**Instructions for the task**
Restate the entries below exactly. Images are not part of the copy.

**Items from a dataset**
• • • • •

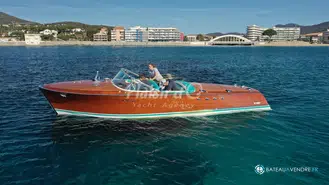 Riva Tritone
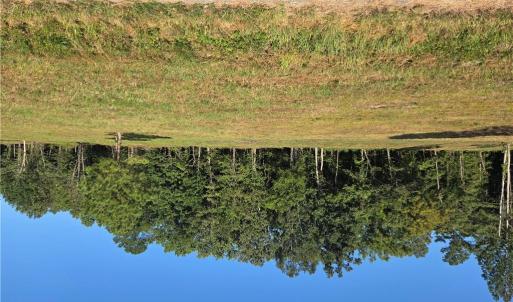 Photo #3 of LOT 3 Sandy Hill Road, Courtland, Virginia 0.5 acres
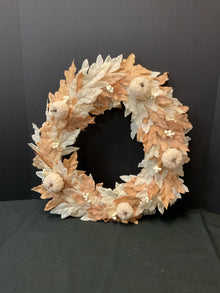  Wreath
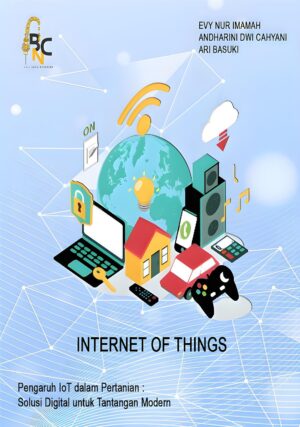 Internet of Things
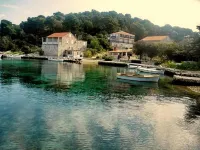 Guest House Kiko Hotels in Govedari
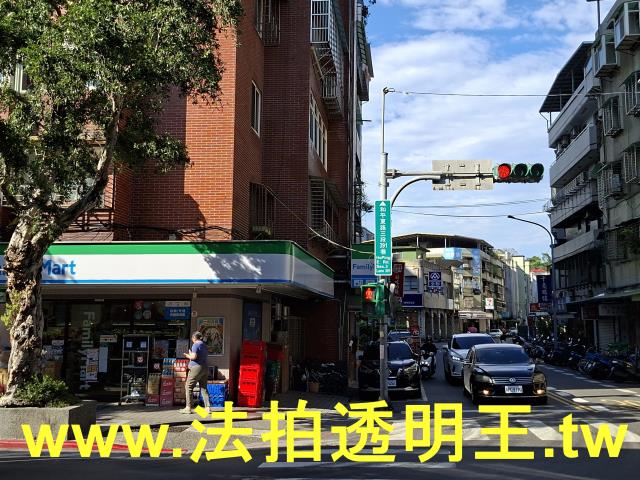 信義區公寓法拍-6
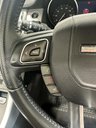 USED 2017 17 LAND ROVER RANGE ROVER EVOQUE 2.0 TD4 HSE DYNAMIC 3d 177 BHP 33994 Miles, 1 Owner, Full Ebony Leather, Heads Up Display, Keyless Entry , 20" Satin Black Alloy Wheels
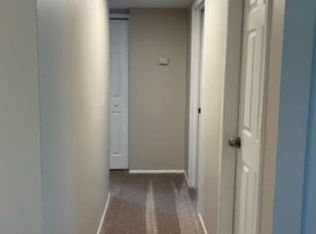 841 Ludlow Ave APT 3, Rochester, MI 48307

• • • • •

**Solution to this task**
 Riva Tritone
 Photo #3 of LOT 3 Sandy Hill Road, Courtland, Virginia 0.5 acres
  Wreath
 Internet of Things
 Guest House Kiko Hotels in Govedari
 信義區公寓法拍-6
 USED 2017 17 LAND ROVER RANGE ROVER EVOQUE 2.0 TD4 HSE DYNAMIC 3d 177 BHP 33994 Miles, 1 Owner, Full Ebony Leather, Heads Up Display, Keyless Entry , 20" Satin Black Alloy Wheels
 841 Ludlow Ave APT 3, Rochester, MI 48307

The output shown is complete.